[Brief]
Write out the data exactly as given, dropping every picture.

Stored records
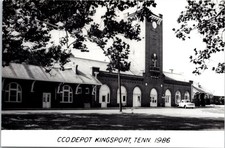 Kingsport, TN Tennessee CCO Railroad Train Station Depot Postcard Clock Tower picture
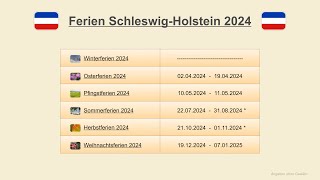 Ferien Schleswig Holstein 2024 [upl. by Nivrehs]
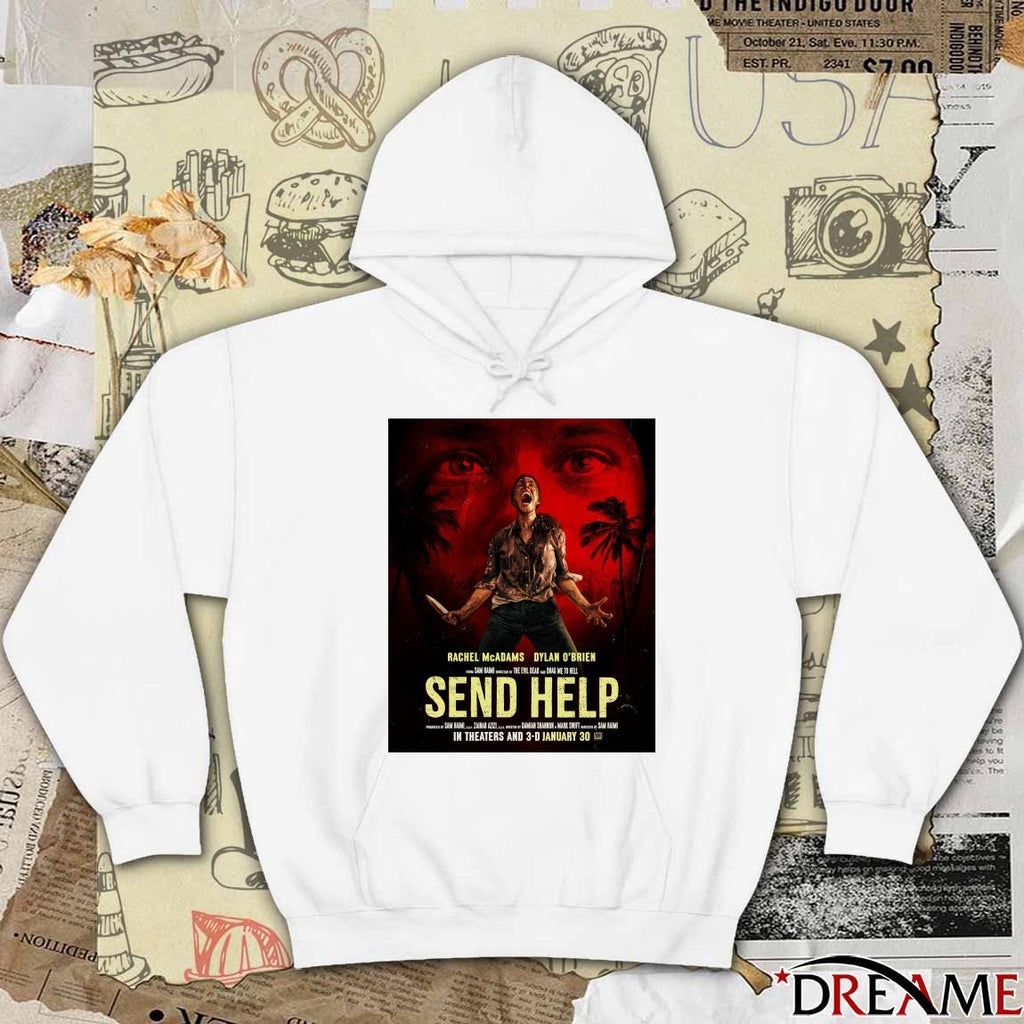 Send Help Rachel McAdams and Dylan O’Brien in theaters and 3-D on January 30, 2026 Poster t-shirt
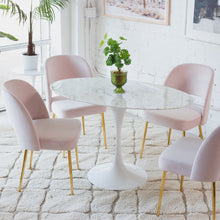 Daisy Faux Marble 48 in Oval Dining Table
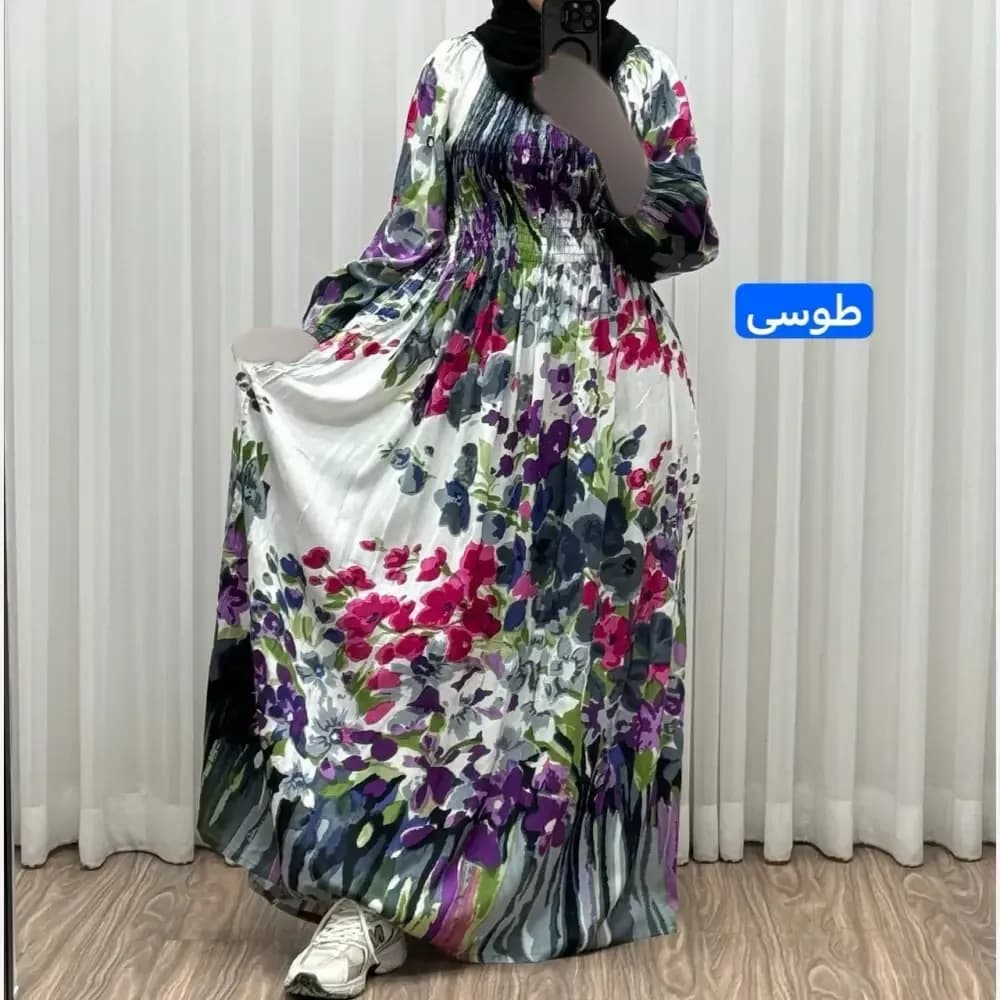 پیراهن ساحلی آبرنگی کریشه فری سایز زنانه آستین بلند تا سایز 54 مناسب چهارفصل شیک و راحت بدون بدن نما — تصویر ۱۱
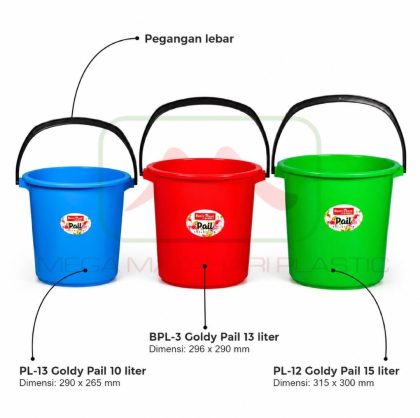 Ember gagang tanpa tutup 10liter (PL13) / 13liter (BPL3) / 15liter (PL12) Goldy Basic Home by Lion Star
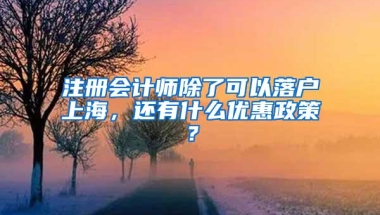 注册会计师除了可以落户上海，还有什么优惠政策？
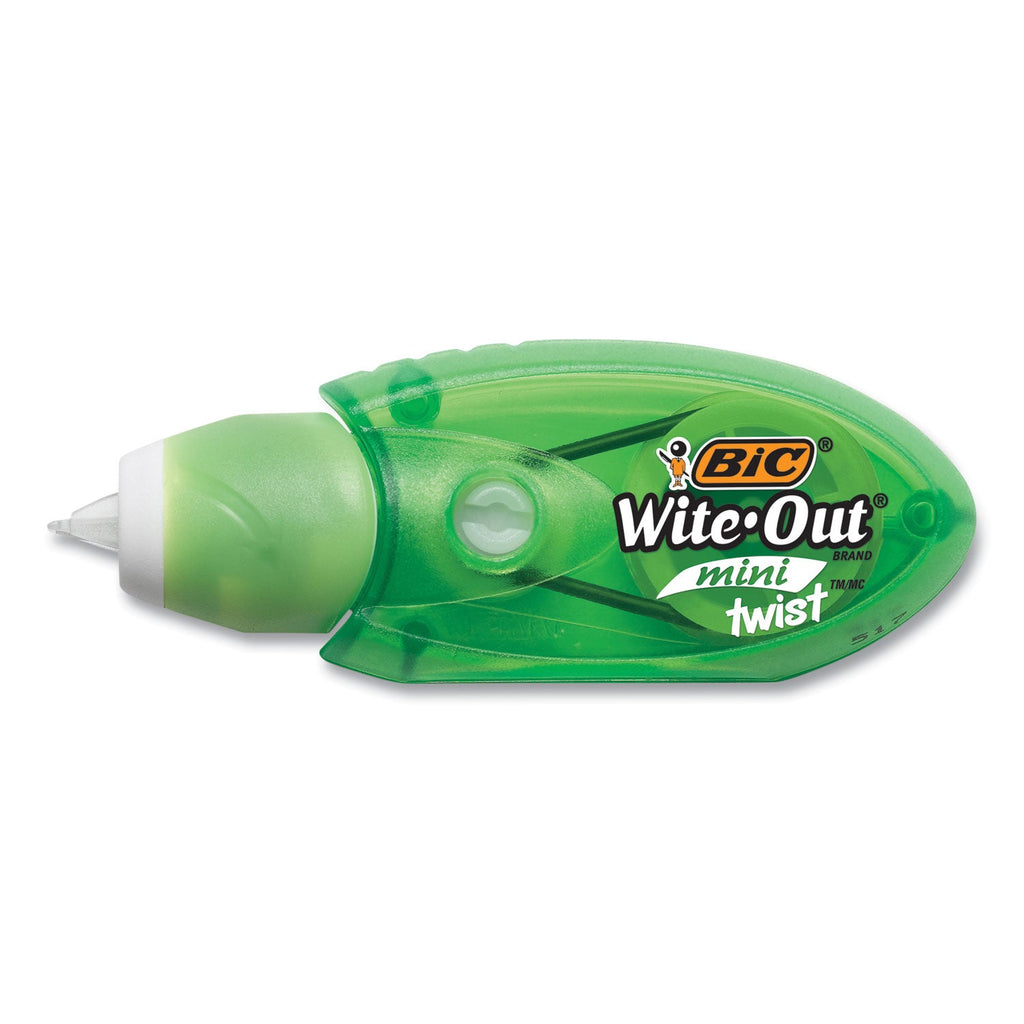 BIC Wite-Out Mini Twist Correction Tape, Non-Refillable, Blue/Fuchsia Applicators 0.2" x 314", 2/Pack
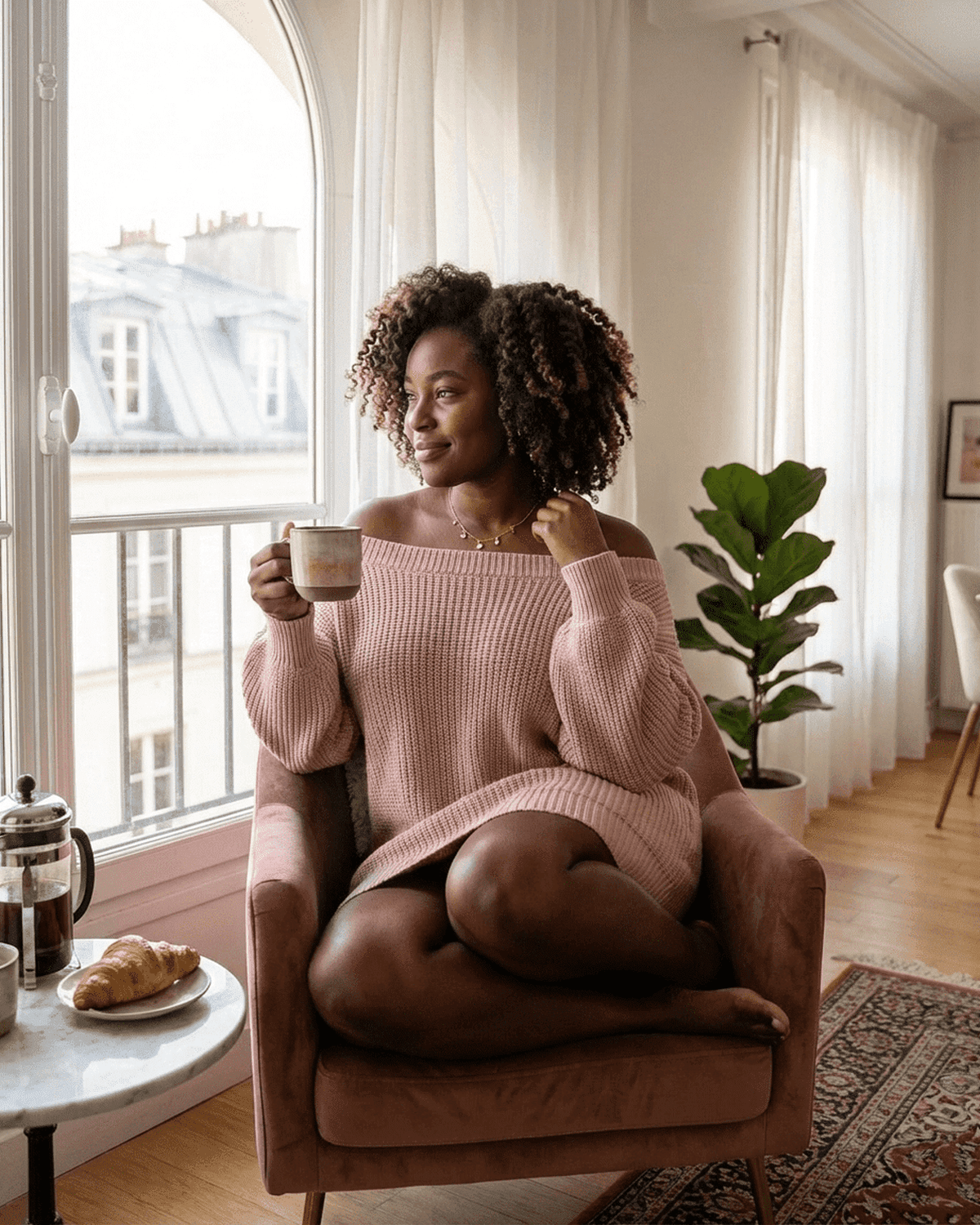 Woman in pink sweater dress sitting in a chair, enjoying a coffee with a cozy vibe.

[Response]
 Kingsport, TN Tennessee CCO Railroad Train Station Depot Postcard Clock Tower picture
 Ferien Schleswig Holstein 2024 [upl. by Nivrehs]
 Send Help Rachel McAdams and Dylan O’Brien in theaters and 3-D on January 30, 2026 Poster t-shirt
 Daisy Faux Marble 48 in Oval Dining Table
 پیراهن ساحلی آبرنگی کریشه فری سایز زنانه آستین بلند تا سایز 54 مناسب چهارفصل شیک و راحت بدون بدن نما — تصویر ۱۱
 Ember gagang tanpa tutup 10liter (PL13) / 13liter (BPL3) / 15liter (PL12) Goldy Basic Home by Lion Star
 注册会计师除了可以落户上海，还有什么优惠政策？
 BIC Wite-Out Mini Twist Correction Tape, Non-Refillable, Blue/Fuchsia Applicators 0.2" x 314", 2/Pack
 Woman in pink sweater dress sitting in a chair, enjoying a coffee with a cozy vibe.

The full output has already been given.